「豆の加工食品」と聞いて、何が思い浮かぶでしょうか。多くの方は、豆腐・納豆・味噌など、大豆製品が浮かんだのではないかと想像します。私たちが日頃、何気無く食べている「豆の加工食品」は大豆製品が大半を占めています。そこで私は、大豆以外の豆でも加工食品が作れないか?と研究に励んでいます。

豆で人々の健康をつくる

そもそも、豆は人の健康にどのように良いのでしょうか。豆は穀類の中でもたんぱく質を多く含みます。また、不足しがちな食物繊維・ビタミン・ミネラルも豊富に含んでいます。さらに、脂質含量は少なく、エネルギー摂取過多を防ぐことができます1)。これらのことから、動物性食品の摂取量が増加している現代において、豆は私たちの健康維持・増進に役立つ食品素材であると言えます。

豆で食糧問題に立ち向かう

豆は健康に良いだけでなく、食糧問題を解決する一助になる可能性も秘めています。世界人口の増加に伴い、たんぱく質源が不足するという食糧問題が深刻さを増しています。現在、たんぱく質の供給源のほとんどは家畜肉(牛や豚)によって担われていますが、これ以上の家畜肉を増やすには、大量の水・広大な土地が必要となります。また、温室効果ガス発生の観点からも、環境への負荷が大きくかかってしまいます。そこで解決策として、代替たんぱく質の開発が進んでいます2)。代替たんぱく質として「昆虫食」や「培養肉」といった言葉を耳にする機会も増えてきました。しかしながら、これらを食べることに抵抗がある方もいらっしゃるかと思います。そんな中、たんぱく質を豊富に含む豆は、私たちにとって食経験があり、種類も豊富です。豆をたんぱく質の供給源として利用することで、たんぱく質不足の回避に役立つと期待できます。

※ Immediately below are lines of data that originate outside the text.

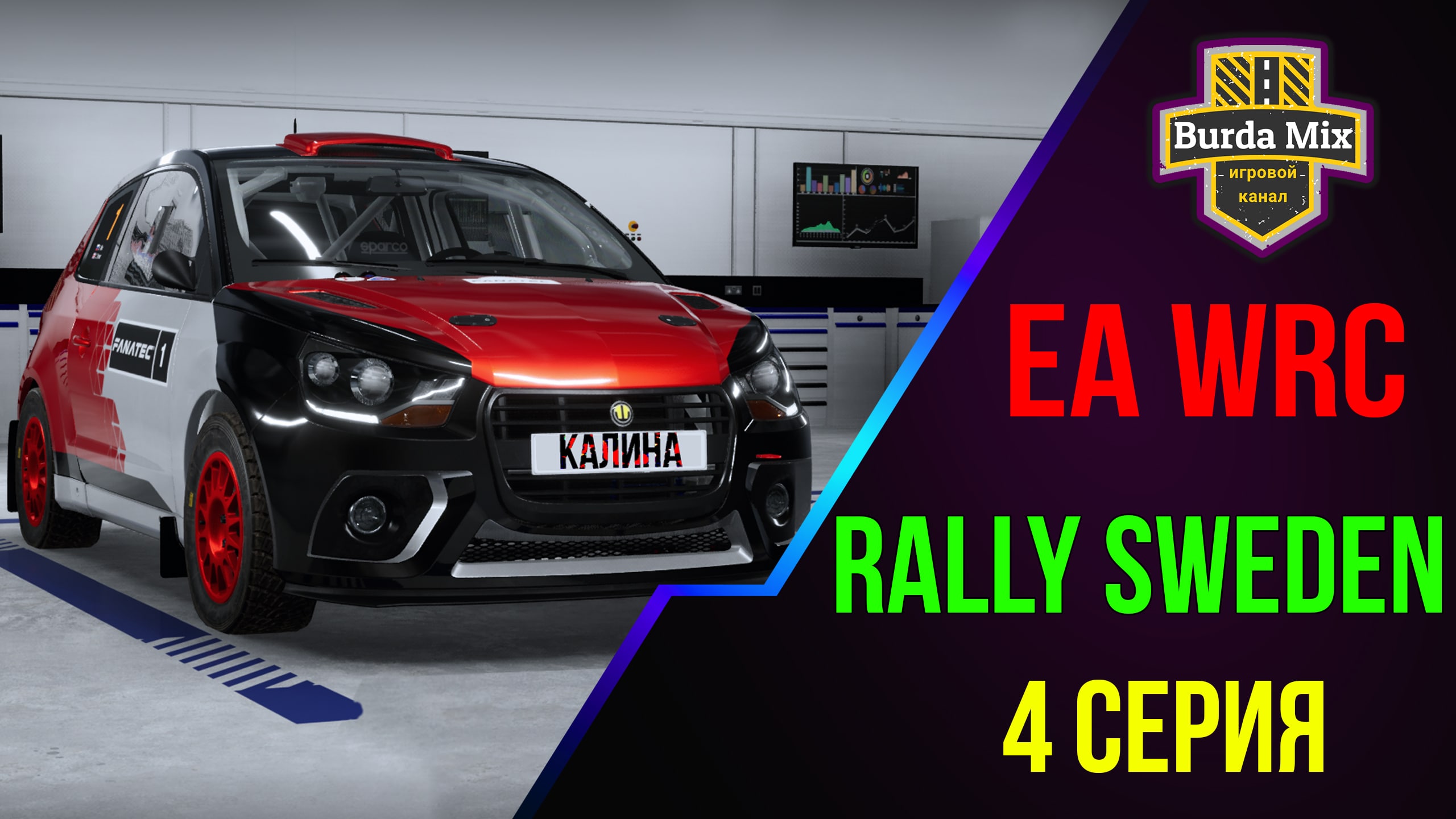 Rally Sweden на своей "Калине" ➤ EA Sports WRC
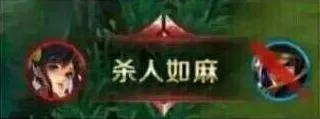 王者荣耀老婆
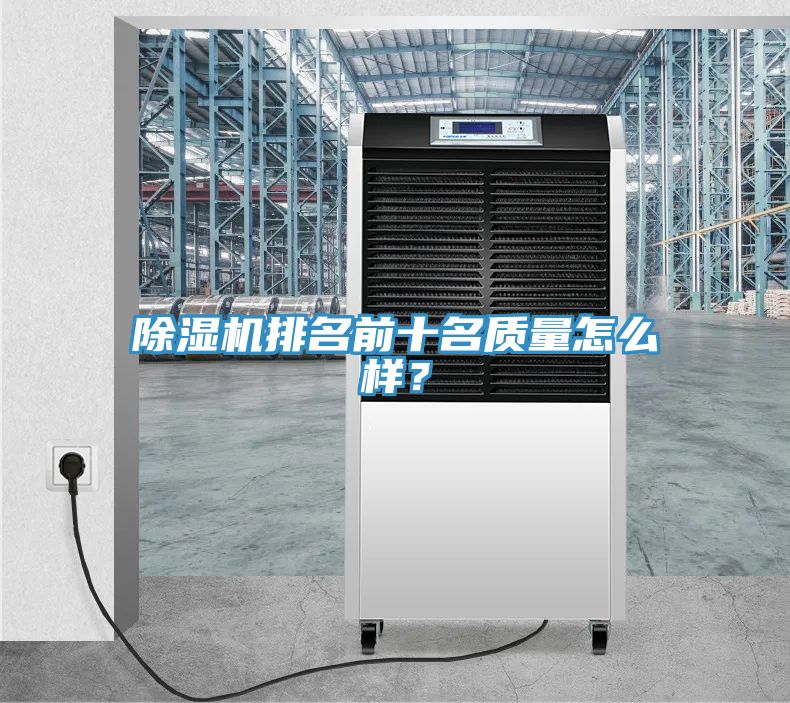 除濕機排名前十名質(zhì)量怎么樣？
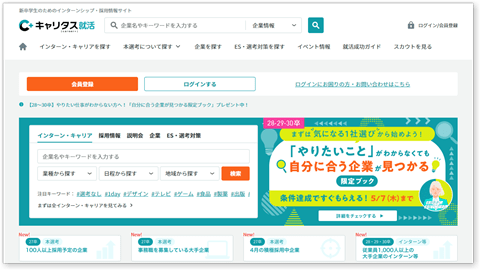 a href=https://job.career-tasu.jp/top/キャリタス就活/a
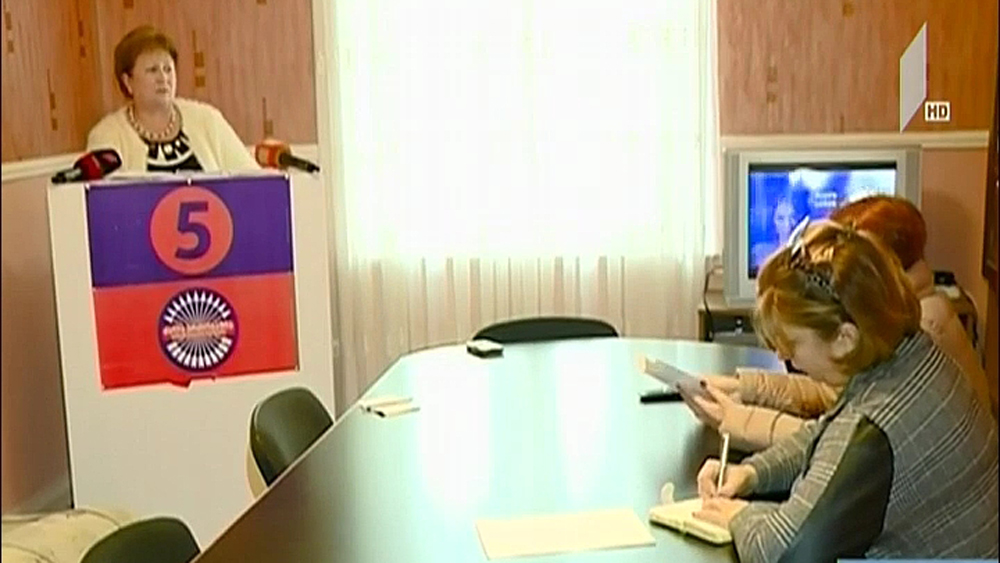 გაერთიანებული ოპოზიციის ბრალდებები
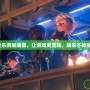 快樂游加速器，讓游戲更流暢，娛樂不掉線！
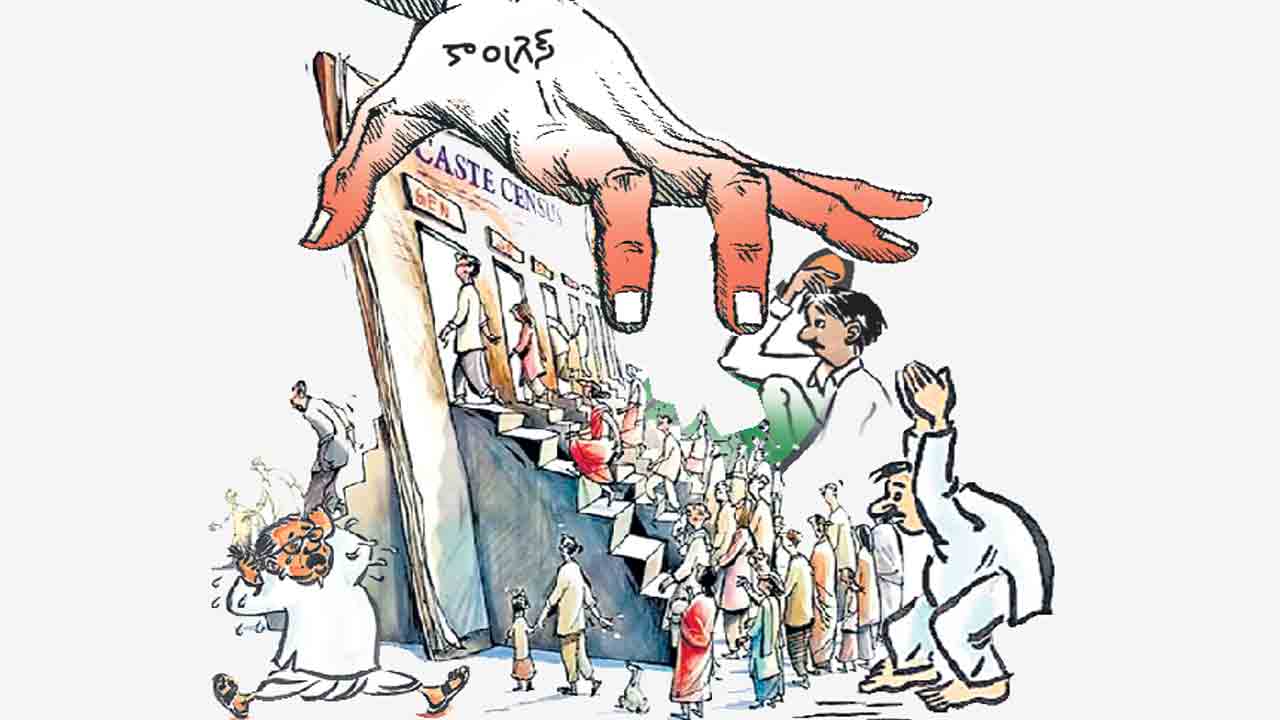 బీసీలను అణగదొక్కేందుకే కాంగ్రెస్ కుట్రీ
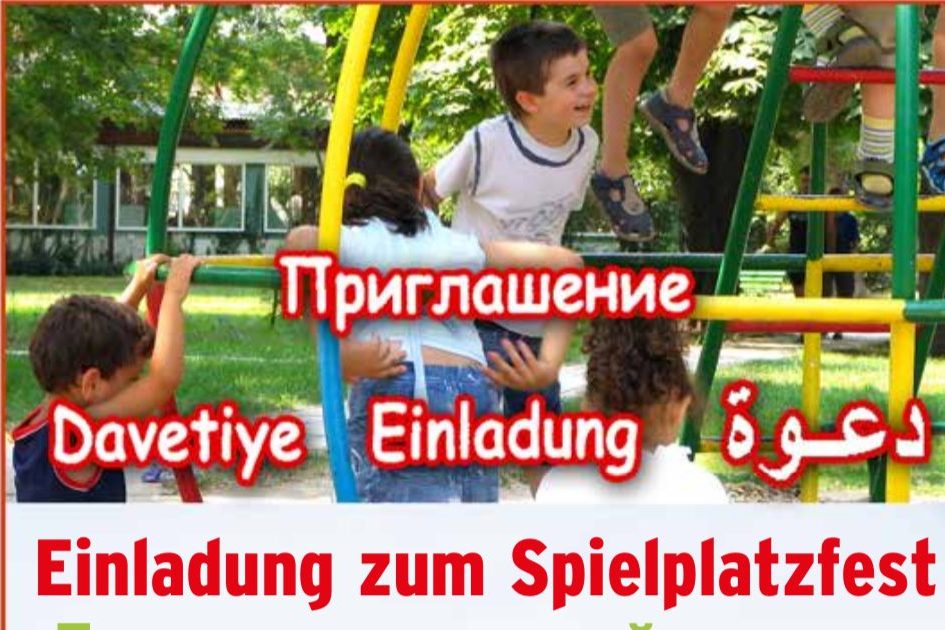 Spielplatz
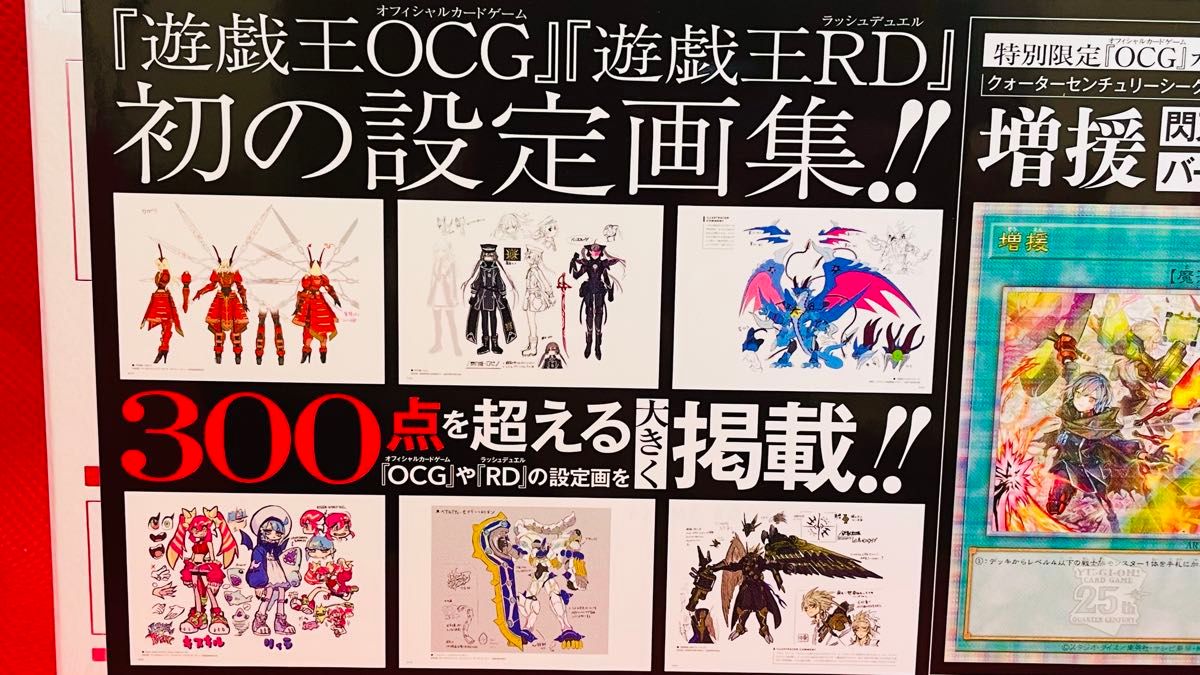 遊戯王 カードゲームアートワークス 閃刀姫 増援 新品未開封品 遊戯王 カードゲームアートワークス 閃刀姫 増援 新品未開封品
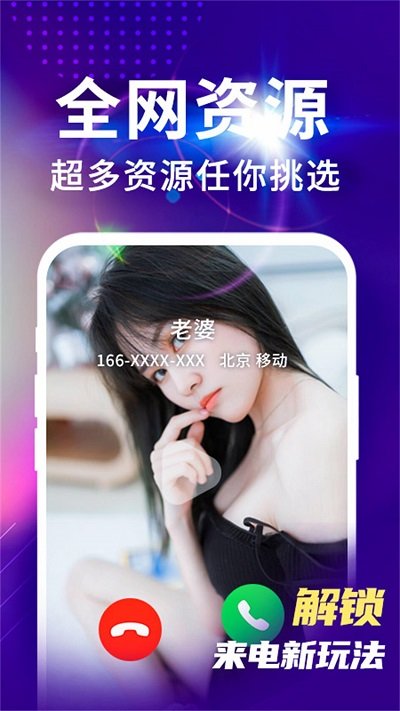 ������Ƶ���嶨��v1.0.4 ��׿��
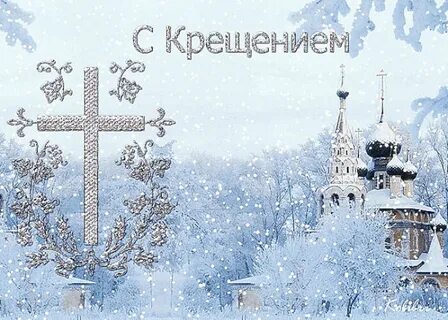 Открытка с крещенским сочельником мерцающая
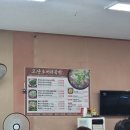 고산소머리국밥 | [내돈내산리뷰] 고산 소머리 국밥 (너무 더웠어 ㅠㅠ)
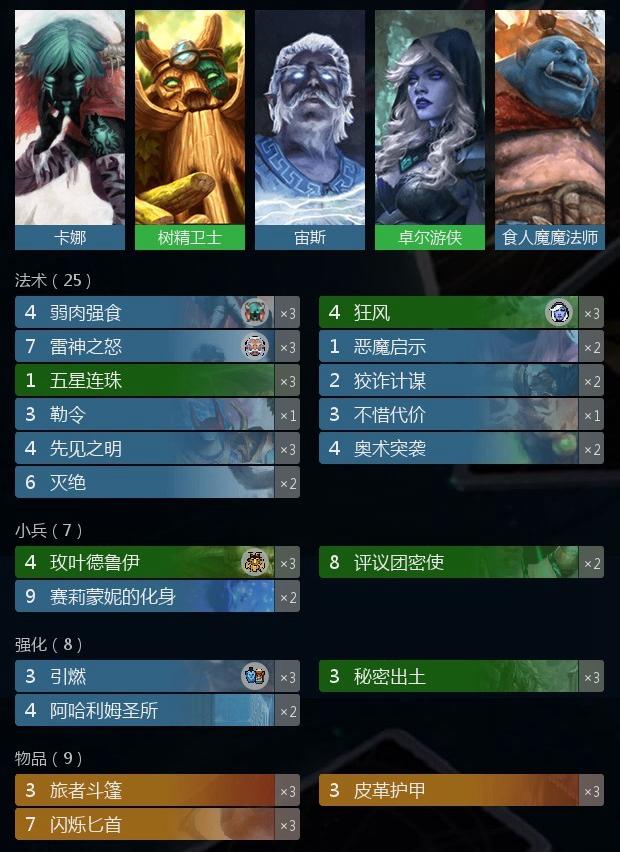 手机版游戏王ygopro，轻松体验卡牌对战的乐趣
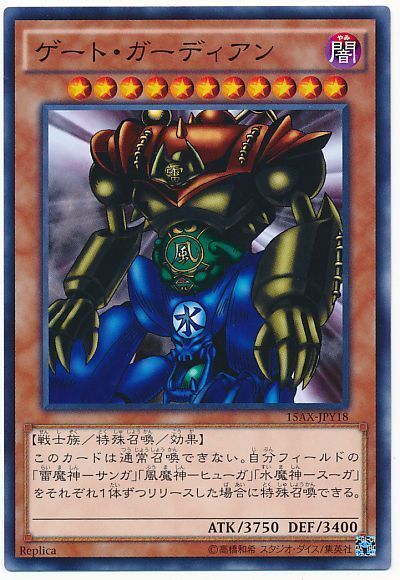 《ゲート・ガーディアン》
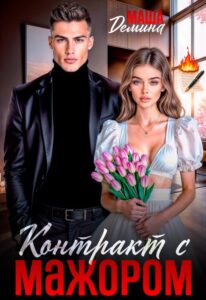 «Контракт с мажором» Маша Демина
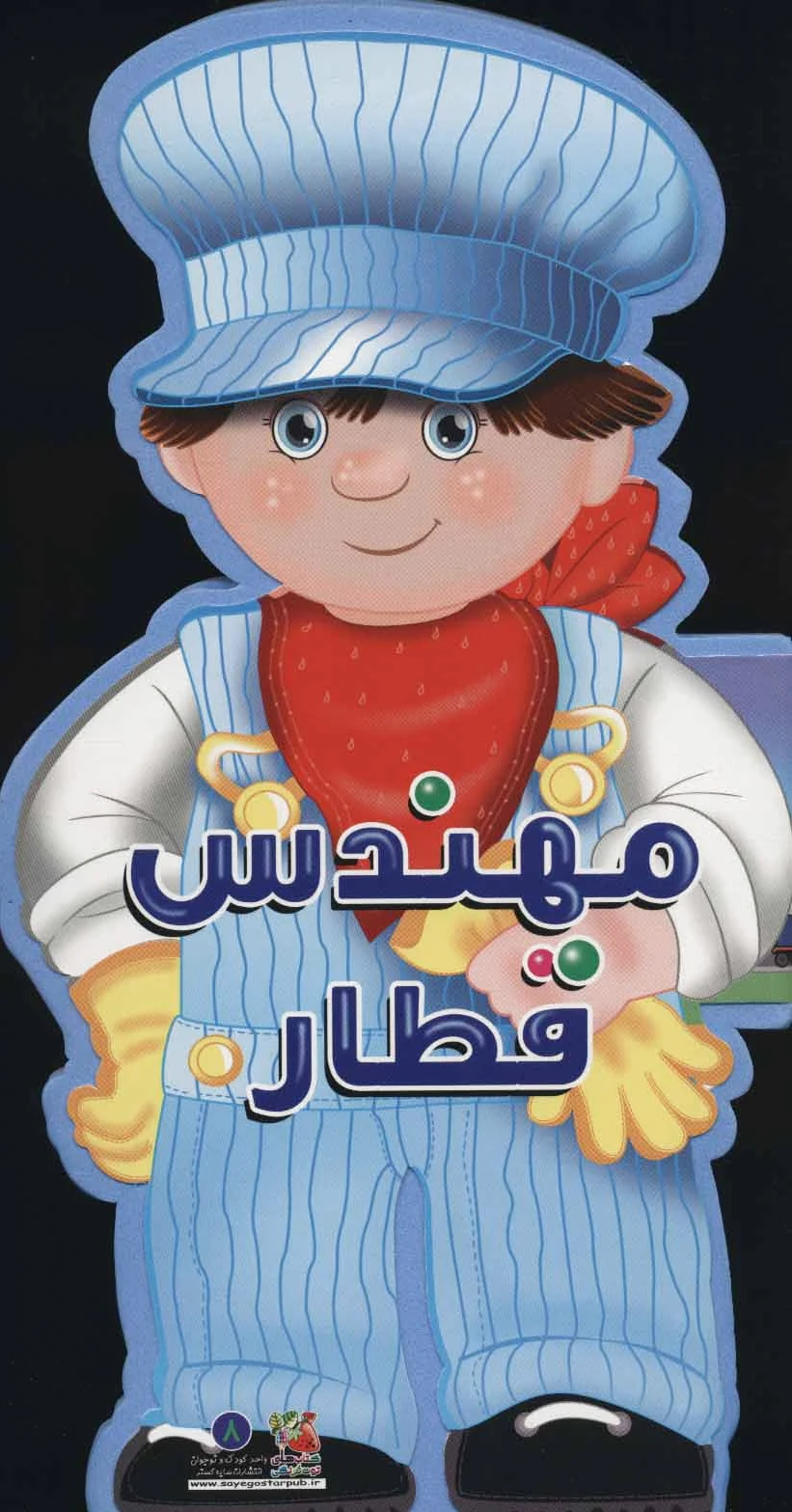 مهندس قطار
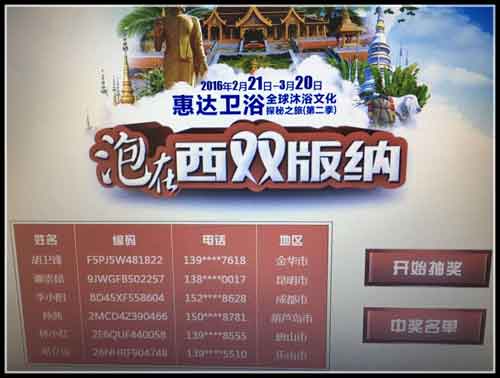 惠達(dá)衛(wèi)浴：西雙版納沐浴文化體驗(yàn)大使名單確定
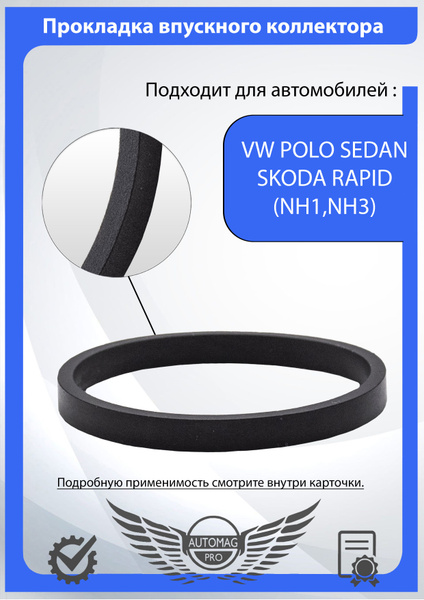 Прокладка впускного коллектора для Фольксваген Гольф, Поло Седан ...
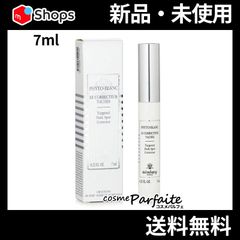 フィトブラン スポッツ セラム 7ml メール便対応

これまでに私は、ナタマメに着目し、最適な加工方法・加工特性を調べてきました3)。ナタマメから、筋肉量の維持・増進に有用なロイシンを豊富に含むタンパク質4)と、嚥下困難者用の食事への利用が期待できるゲル化物質5)が抽出されることを明らかにしています。今後も、ナタマメを含めた豆の加工食品の開発を目指します。

 

参考
1)  公益財団法人 日本豆類協会
2)  CB Insights Research. “Our Meatless Future: How The $1.8T Global Meat Market Gets Disrupted”. Research briefs. 2019-11-13.
3)  Nishizawa K., Masuda T., Takenaka Y., Masui H., Tani F. and Arii Y. (2016). Biosci. Biotechnol. Biochem., 80, 1623-1631.
4)  Nishizawa K. and Arii Y. (2016). Biosci. Biotechnol. Biochem., 80, 2459-2466.
5)  Nishizawa K. and Arii Y. (2017). Biosci. Biotechnol. Biochem., 82, 120-126.